(Beginning of Supplied data)
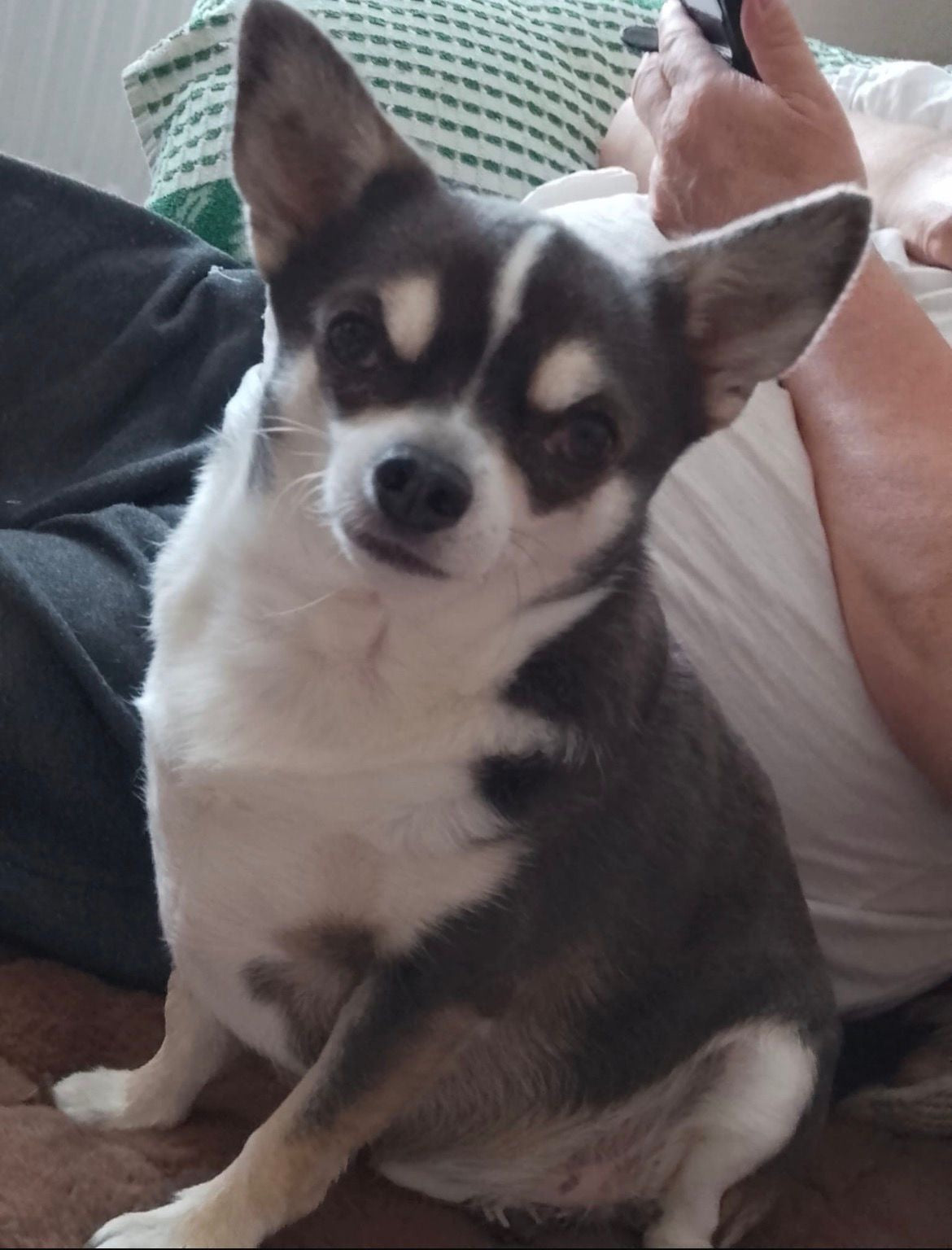 Original Pet Photo - Before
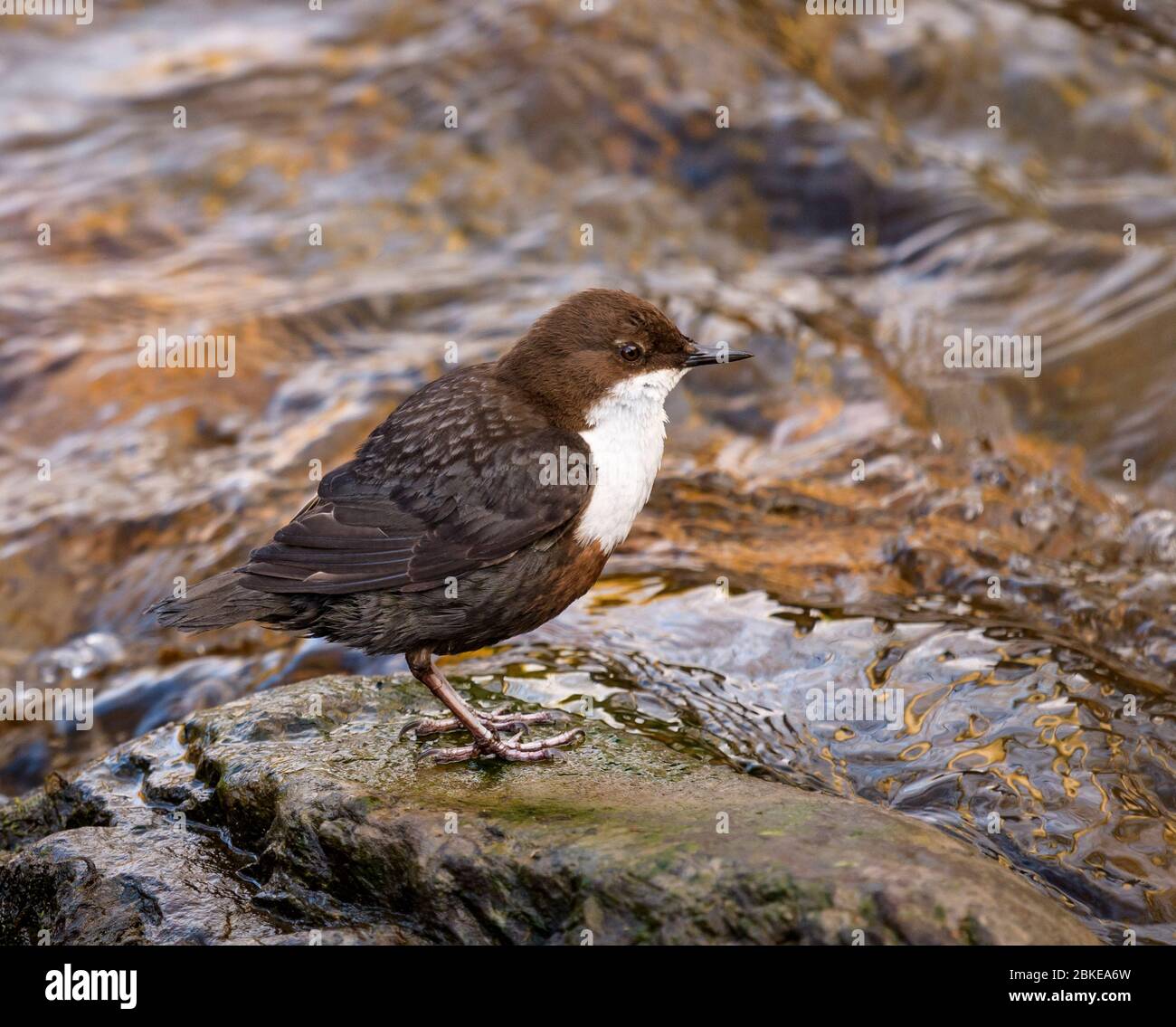 Un Dipper su una roccia in mezzo ad un fiume Foto Stock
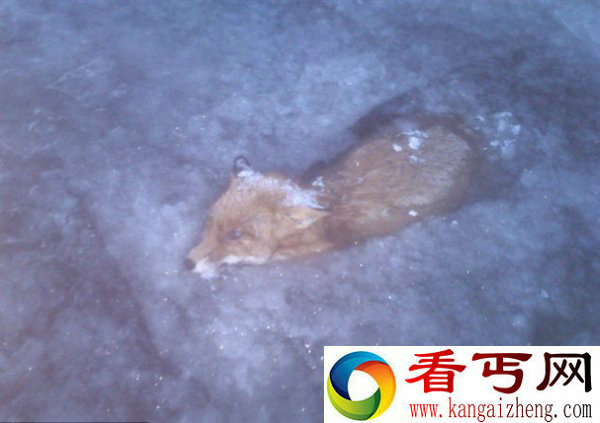 北欧到底有多冷？动物冻死事件盘点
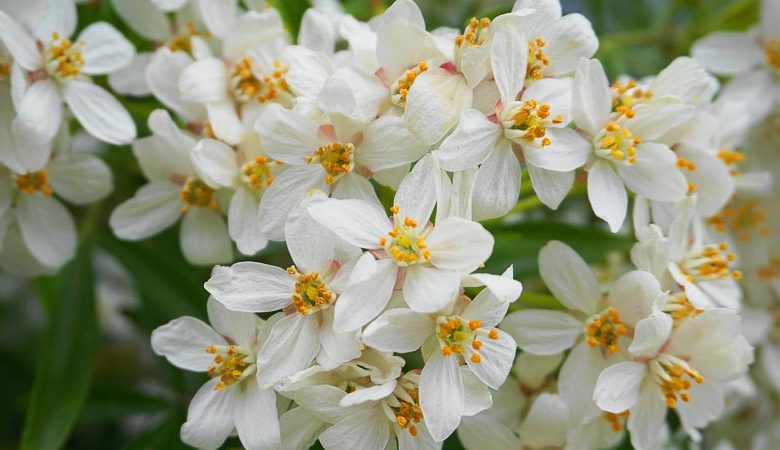 Choisya x dewitteana 'Aztec Pearl', Mexican Orange 'Aztec Pearl', white flowers, fragrant shrub, evergreen shrub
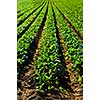 Rows of turnip plants in a cultivated farmers field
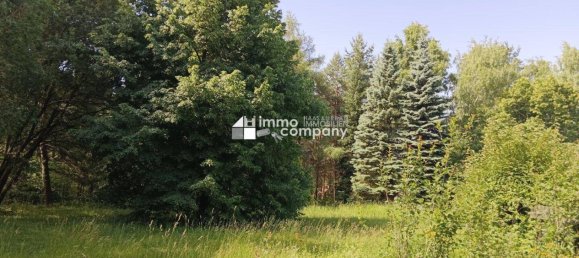  Land in Hollenthon, Austria No. 133876 2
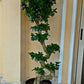 Ficus Bonsai S-Shaped Small - Plantcultcairo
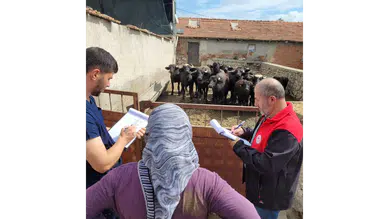 Amasya’da Hayvancılıkta Saha Çalışması!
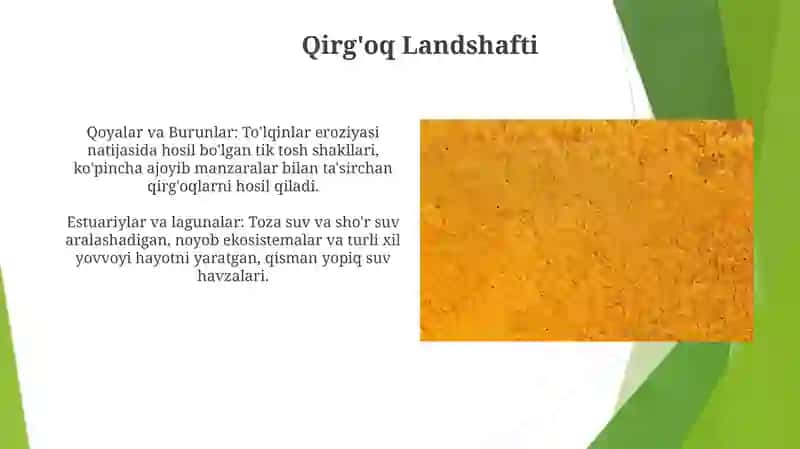 Yevrosiyo materigi qirgʻoq tuzilishining oʻziga xosligi 4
(End of Supplied data)
Instructions for the task
Both boundary lines included, write out word for word only the lines above from the one containing "Choisya x dewitteana" to the one containing "Amasya’da Hayvancılıkta Saha Çalışması!", leaving out any pictures.

Solution to the exercise
 Choisya x dewitteana 'Aztec Pearl', Mexican Orange 'Aztec Pearl', white flowers, fragrant shrub, evergreen shrub
 Rows of turnip plants in a cultivated farmers field
  Land in Hollenthon, Austria No. 133876 2
 Ficus Bonsai S-Shaped Small - Plantcultcairo
 Amasya’da Hayvancılıkta Saha Çalışması!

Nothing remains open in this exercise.